If you missed part 1 of this series on the expedited segment of trucking, covering the basics of equipment and carriers leasing owner-operators, find it here.

Pie Poll ExpeditingIn general, most owner-operators see the potential for boosted pay in the expedited segment as its chief attraction. To produce $280,000 to $320,000 in yearly truckload revenue, says David Pike of Express-1, a team might have to turn 6,000 to 7,000 miles a week. In expediting, the same revenue is available on 12,000 miles a month, bringing in $25,000 to $30,000.

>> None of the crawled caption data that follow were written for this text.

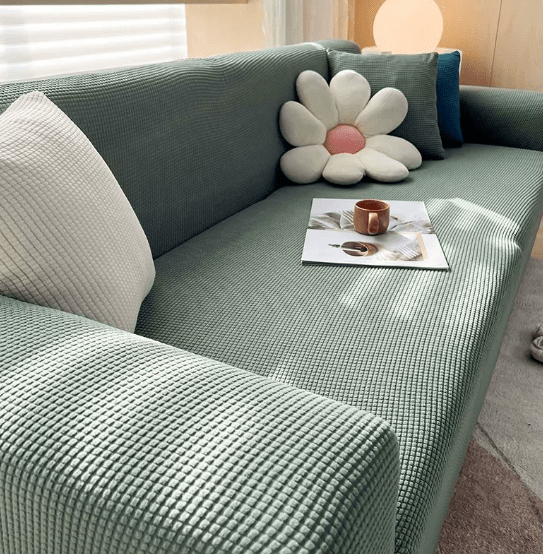CouchWrap - Non-Slip Sofa Cover for Ultimate Comfort and Protection 5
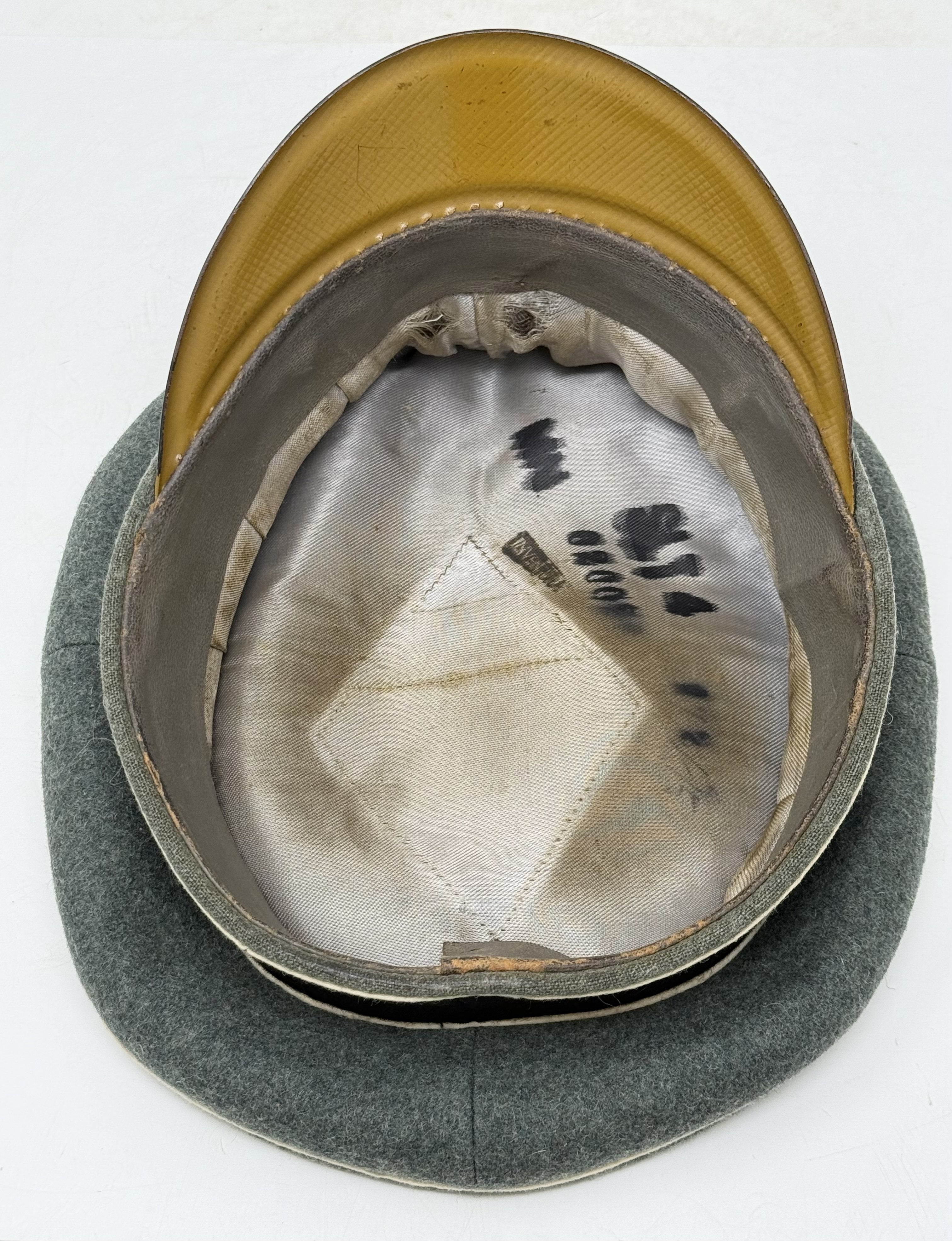 Waffen SS EM NCO Visor — image 11
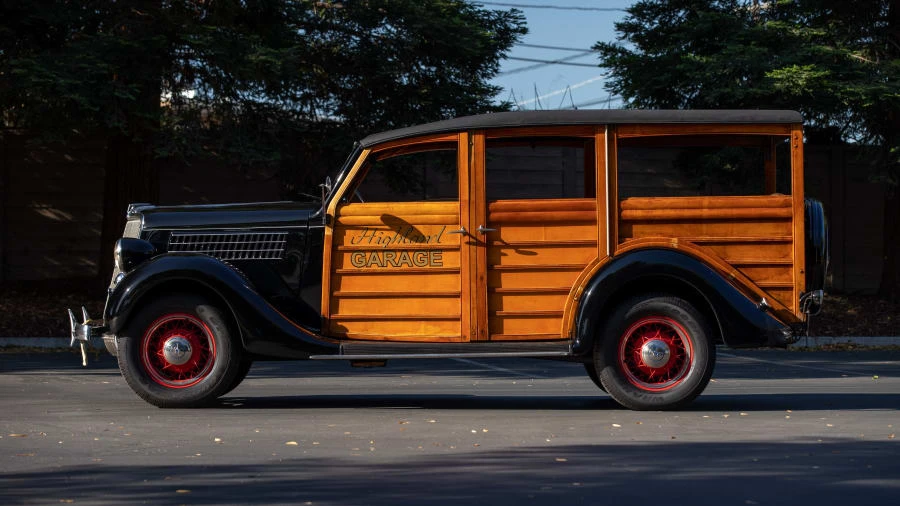 1935 Ford Model 48 & 68 - Image 8 of 30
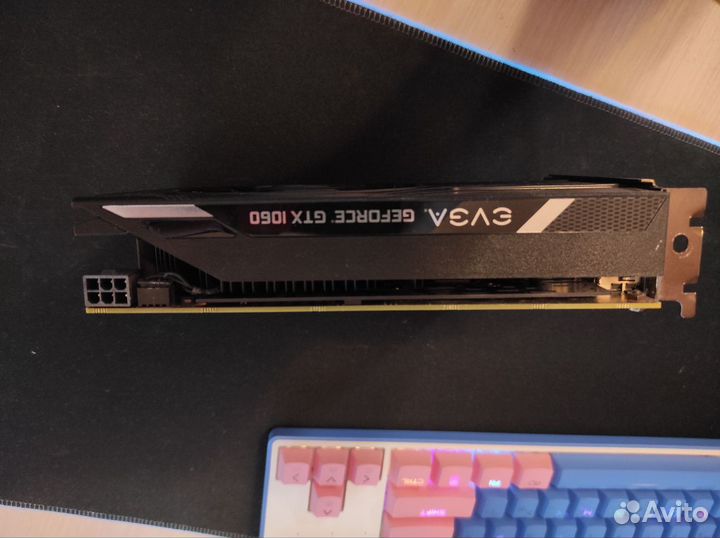 Evga GeForce GTX 1060 SC gaming 3072MB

“You’ll sit a whole lot on just 3,000 miles a week as a team,” Pike adds. For anyone thinking of getting into expediting, it’s important to understand that, compared to truckload, fewer miles run is something of a norm.

Operators at Express-1 are paid by the mile — $1.20 plus the fuel surcharge for straight trucks with solo drivers; for teams, $1.24 plus fuel, and $1.40 plus fuel for tractors. Panther also pays by the mile, at an advertised $2.10 fleetwide average, which includes fuel surcharge and accessorials. Many expediters get their hazmat credential to increase earning potential for Defense Department and other high-value loads.

Small fleet owner Lyn Brumfield, leased to Panther, has teams who drive his trucks as contractors and net as much as $120,000 yearly on about 150,000 or more miles.

Learn more about expediting
The closest thing to an online community for owner-operators and others involved in expedited trucking is the Expediters Online.com website, says owner-operator Phil Madsen. An associated print publication, Expedite NOW, supplements the website, forum and events put on by the business.Leased to Landstar Express America, Madsen runs team with his wife, Diane, in a Class 8 Volvo straight truck. His daily “Learning something new every day” blog via successfulexpediters.com provides a good feel for the day-to-day of expediting in his irregular route journeys.

Some other carriers pay percentage or, as is the case at FedEx Custom Critical, offer contractors in certain divisions a choice of percentage or mileage pay (except for their cargo van services and for straight trucks in the premium White Glove division).

The Caffees run under the percentage plan, getting 59.5 percent of a load’s gross. If that sounds low, say both Linda Caffee and company Managing Director of Operations Jason Frederick, consider the backend service and management of the large customer base Custom Critical provides. “We are providing exceptional service to that customer that dictates a higher rate,” says Frederick. “You get expedited service when you’re a customer” on both ends, from the office staff and the driver.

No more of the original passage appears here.